Esta forma de cocinar se impuso a comienzos de siglo XX para conferir una textura crujiente a ciertos alimentos

Peligrosos flambeados

Pizza flambeada del restaurante Burro Canaglia.

¿Cómo de peligroso es un flambeado? Mucho, a juzgar por lo ocurrido esta semana en un restaurante madrileño. Dos muertos y 12 heridos es el resultado del incendio que se produjo el viernes noche en el establecimiento Burro Canaglia, de la plaza de Manuel Becerra, por culpa de una de sus especialidades más demandadas, la llamada Pizza Inferno Carnívora. «Las primeras investigaciones apuntan a que dicho plato rozó la decoración vegetal de plástico que había en el local y prendió a toda velocidad», indicaba ayer El País, para señalar a continuación que «según la normativa municipal vigente, existen serias restricciones a la hora de usar material inflamable en techos y paredes».
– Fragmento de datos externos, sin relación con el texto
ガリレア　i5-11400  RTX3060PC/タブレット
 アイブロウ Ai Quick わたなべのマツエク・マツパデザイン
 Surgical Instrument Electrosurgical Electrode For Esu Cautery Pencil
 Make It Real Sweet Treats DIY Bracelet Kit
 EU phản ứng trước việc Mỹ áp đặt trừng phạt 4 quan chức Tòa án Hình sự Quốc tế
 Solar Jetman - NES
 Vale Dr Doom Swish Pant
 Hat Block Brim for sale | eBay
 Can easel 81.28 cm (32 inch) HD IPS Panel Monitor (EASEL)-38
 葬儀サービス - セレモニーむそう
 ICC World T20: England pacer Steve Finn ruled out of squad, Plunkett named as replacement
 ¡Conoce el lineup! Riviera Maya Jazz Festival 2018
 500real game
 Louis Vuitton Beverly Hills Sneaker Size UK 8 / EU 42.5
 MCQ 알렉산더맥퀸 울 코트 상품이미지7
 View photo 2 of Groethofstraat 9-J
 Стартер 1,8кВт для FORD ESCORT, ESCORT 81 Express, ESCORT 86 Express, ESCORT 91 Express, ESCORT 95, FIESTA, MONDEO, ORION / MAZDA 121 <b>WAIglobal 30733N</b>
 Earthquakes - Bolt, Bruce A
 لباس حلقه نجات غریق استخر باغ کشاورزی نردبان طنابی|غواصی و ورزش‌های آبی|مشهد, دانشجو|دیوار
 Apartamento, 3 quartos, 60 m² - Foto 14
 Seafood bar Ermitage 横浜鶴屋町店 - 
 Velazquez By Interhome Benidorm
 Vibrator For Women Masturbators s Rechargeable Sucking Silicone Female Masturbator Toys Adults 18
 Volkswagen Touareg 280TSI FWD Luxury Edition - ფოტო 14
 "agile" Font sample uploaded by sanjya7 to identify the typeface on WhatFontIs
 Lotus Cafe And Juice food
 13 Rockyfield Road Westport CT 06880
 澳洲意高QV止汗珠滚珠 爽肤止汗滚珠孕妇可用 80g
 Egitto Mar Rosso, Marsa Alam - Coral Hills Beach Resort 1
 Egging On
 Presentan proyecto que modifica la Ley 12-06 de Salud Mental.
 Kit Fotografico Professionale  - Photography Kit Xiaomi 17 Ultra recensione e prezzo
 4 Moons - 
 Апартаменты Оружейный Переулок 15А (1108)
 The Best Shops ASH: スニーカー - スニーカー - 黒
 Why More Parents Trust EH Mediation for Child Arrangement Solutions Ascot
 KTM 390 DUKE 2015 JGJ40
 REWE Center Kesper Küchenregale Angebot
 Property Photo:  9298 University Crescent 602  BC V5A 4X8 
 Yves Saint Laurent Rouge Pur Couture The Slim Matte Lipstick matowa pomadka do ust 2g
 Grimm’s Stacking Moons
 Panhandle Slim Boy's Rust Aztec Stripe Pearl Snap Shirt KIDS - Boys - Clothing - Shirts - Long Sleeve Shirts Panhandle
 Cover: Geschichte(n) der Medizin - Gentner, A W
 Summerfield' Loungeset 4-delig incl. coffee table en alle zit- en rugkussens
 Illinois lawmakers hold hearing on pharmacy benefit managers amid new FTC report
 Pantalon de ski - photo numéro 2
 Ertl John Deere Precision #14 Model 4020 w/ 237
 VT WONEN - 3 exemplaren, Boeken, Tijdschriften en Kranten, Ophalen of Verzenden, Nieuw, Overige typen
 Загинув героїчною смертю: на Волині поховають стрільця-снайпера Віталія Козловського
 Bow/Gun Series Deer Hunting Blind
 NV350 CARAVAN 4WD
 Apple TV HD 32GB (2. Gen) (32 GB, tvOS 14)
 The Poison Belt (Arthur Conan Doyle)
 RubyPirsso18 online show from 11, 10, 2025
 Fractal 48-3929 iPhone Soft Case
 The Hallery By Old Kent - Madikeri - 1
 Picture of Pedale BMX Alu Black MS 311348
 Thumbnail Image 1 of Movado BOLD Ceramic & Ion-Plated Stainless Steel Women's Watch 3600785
Inaugurado en enero de 2022, el local en cuestión es una franquicia del grupo sevillano Burro Canaglia, que cuenta en su carta con varias propuestas que se sirven en llamas, desde la citada pizza hasta algunos postres. Para ello, un camarero acude a la mesa con un soplete y enciende el plato, que arde en presencia de los comensales. Una práctica algo en desuso en los tiempos actuales, pero que tiene un innegable atractivo visual, sobre todo en el turno de cenas, cuando el fuego llama la atención de las mesas circundantes en un comedor medio en penumbra.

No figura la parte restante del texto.